Calling Out, the band's fourth record, follows trails staked out on 2005's The City. The group continues to hammer away at a signature sound, trading in their weirder tendencies for poignancy. That makes this less instantly gratifying than the vintage romanticism of their early work, but their weary yet grounded outlook has a better shelf life. This time out the duo's tapped Paul Aucoin of the Hylozoists for horns and vibraphone, with Nathan Lawr again helping out on percussion. "Good Days" starts the record on a darker note, taking a fairly pessimistic look at religiosity that becomes something of a running theme. "My Hands Are a City" is the album's true single and its most satisfying bit of pop songwriting. The nostalgic march of "Jl Recalls His Amazon Adventure from a Comfortable Chair in the Window of No. 5 the Kingsway" gives the Weakerthans some competition on the retired Victorian explorer market. "Get in the Van" dwells on the grind of touring life, doubtlessly accentuated by the vastness that comes with Canadian geography. The title isn't spoken until the final line, but it's treated as less an anthem and more of a sinister addiction. The later half of the record finds more straightforward rock than the prior, notably the cacophonous racket that ends "Lost at Sea" and the urgent rhythm of "Hand Prints in Wet Cement." There's a mix of mundane and epic on the album's final pair of tracks. "End of the Day" is literally about riding the bus while "Ship Breaking" is a rather timeless piece on shipwrecks that climaxes in what I can only discern is honest-to-goodness Morse code.

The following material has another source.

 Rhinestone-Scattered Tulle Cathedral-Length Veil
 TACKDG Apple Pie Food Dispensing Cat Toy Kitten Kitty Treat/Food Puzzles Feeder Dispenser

It's worth noting that this album was born of a failed experiment. Calling Out was to be recorded with Iner Souster's custom instruments, built from junk, but the results weren't reliable enough for the doubtlessly meticulous duo. The customs were relegated to the rhythm section, and the record itself sounds surprisingly conventional given those origins. Tracks like "Lost at Sea" are quite heavily orchestrated, building to a crescendo of guitar distortion and electronic flourishes, and it's hard to imagine that played on pots and pans. "Junkstraments," even the attempted use thereof, implies a looseness that the album doesn't convey in the least.
Calling Out is, if nothing else, a carefully and lovingly crafted batch of songs. It's no surprise that an entire studio's grown around the FemBots in Toronto, as the group takes the art of record making fairly seriously. The results are, once again, second to none.